» **TRY IT**
Could the entries below be retyped exactly and in full?

» **SUPPLIED RECORDS**
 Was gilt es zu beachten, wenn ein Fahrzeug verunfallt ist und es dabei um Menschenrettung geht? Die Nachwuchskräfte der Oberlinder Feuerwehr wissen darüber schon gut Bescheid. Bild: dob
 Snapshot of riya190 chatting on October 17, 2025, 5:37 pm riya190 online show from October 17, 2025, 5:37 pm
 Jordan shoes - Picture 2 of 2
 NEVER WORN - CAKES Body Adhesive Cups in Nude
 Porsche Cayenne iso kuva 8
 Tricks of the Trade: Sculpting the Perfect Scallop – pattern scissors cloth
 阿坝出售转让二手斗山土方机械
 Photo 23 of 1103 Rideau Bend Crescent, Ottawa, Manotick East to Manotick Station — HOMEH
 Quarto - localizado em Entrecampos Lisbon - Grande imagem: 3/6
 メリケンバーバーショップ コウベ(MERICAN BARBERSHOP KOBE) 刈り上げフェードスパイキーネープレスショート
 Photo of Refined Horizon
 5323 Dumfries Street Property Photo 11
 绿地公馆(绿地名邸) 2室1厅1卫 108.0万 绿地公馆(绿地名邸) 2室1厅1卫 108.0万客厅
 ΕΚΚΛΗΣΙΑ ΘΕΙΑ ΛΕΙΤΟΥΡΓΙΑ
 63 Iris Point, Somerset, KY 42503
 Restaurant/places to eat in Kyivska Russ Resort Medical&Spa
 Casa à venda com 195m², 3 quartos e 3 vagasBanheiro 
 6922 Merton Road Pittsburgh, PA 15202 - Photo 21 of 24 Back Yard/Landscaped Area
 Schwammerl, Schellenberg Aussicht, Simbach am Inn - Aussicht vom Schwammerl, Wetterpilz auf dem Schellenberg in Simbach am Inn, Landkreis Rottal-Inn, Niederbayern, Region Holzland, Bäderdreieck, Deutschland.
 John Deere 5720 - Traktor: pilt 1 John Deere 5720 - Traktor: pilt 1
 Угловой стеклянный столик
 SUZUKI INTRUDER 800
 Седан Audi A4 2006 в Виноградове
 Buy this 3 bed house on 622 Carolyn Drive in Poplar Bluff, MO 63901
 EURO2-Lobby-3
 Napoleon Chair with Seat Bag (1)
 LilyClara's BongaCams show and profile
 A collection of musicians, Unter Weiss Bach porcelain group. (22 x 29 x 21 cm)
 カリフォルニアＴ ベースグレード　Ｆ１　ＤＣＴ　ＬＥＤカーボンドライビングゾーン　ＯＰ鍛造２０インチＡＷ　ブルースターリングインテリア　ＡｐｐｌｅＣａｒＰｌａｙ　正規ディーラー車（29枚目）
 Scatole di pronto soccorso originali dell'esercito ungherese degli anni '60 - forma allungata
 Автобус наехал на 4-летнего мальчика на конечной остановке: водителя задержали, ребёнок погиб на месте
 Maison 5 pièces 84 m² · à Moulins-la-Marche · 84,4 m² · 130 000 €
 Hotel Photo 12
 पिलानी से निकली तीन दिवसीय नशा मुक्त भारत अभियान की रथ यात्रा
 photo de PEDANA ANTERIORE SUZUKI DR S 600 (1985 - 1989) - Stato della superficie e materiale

» **SOLUTION**
 Was gilt es zu beachten, wenn ein Fahrzeug verunfallt ist und es dabei um Menschenrettung geht? Die Nachwuchskräfte der Oberlinder Feuerwehr wissen darüber schon gut Bescheid. Bild: dob
 Snapshot of riya190 chatting on October 17, 2025, 5:37 pm riya190 online show from October 17, 2025, 5:37 pm
 Jordan shoes - Picture 2 of 2
 NEVER WORN - CAKES Body Adhesive Cups in Nude
 Porsche Cayenne iso kuva 8
 Tricks of the Trade: Sculpting the Perfect Scallop – pattern scissors cloth
 阿坝出售转让二手斗山土方机械
 Photo 23 of 1103 Rideau Bend Crescent, Ottawa, Manotick East to Manotick Station — HOMEH
 Quarto - localizado em Entrecampos Lisbon - Grande imagem: 3/6
 メリケンバーバーショップ コウベ(MERICAN BARBERSHOP KOBE) 刈り上げフェードスパイキーネープレスショート
 Photo of Refined Horizon
 5323 Dumfries Street Property Photo 11
 绿地公馆(绿地名邸) 2室1厅1卫 108.0万 绿地公馆(绿地名邸) 2室1厅1卫 108.0万客厅
 ΕΚΚΛΗΣΙΑ ΘΕΙΑ ΛΕΙΤΟΥΡΓΙΑ
 63 Iris Point, Somerset, KY 42503
 Restaurant/places to eat in Kyivska Russ Resort Medical&Spa
 Casa à venda com 195m², 3 quartos e 3 vagasBanheiro 
 6922 Merton Road Pittsburgh, PA 15202 - Photo 21 of 24 Back Yard/Landscaped Area
 Schwammerl, Schellenberg Aussicht, Simbach am Inn - Aussicht vom Schwammerl, Wetterpilz auf dem Schellenberg in Simbach am Inn, Landkreis Rottal-Inn, Niederbayern, Region Holzland, Bäderdreieck, Deutschland.
 John Deere 5720 - Traktor: pilt 1 John Deere 5720 - Traktor: pilt 1
 Угловой стеклянный столик
 SUZUKI INTRUDER 800
 Седан Audi A4 2006 в Виноградове
 Buy this 3 bed house on 622 Carolyn Drive in Poplar Bluff, MO 63901
 EURO2-Lobby-3
 Napoleon Chair with Seat Bag (1)
 LilyClara's BongaCams show and profile
 A collection of musicians, Unter Weiss Bach porcelain group. (22 x 29 x 21 cm)
 カリフォルニアＴ ベースグレード　Ｆ１　ＤＣＴ　ＬＥＤカーボンドライビングゾーン　ＯＰ鍛造２０インチＡＷ　ブルースターリングインテリア　ＡｐｐｌｅＣａｒＰｌａｙ　正規ディーラー車（29枚目）
 Scatole di pronto soccorso originali dell'esercito ungherese degli anni '60 - forma allungata
 Автобус наехал на 4-летнего мальчика на конечной остановке: водителя задержали, ребёнок погиб на месте
 Maison 5 pièces 84 m² · à Moulins-la-Marche · 84,4 m² · 130 000 €
 Hotel Photo 12
 पिलानी से निकली तीन दिवसीय नशा मुक्त भारत अभियान की रथ यात्रा
 photo de PEDANA ANTERIORE SUZUKI DR S 600 (1985 - 1989) - Stato della superficie e materiale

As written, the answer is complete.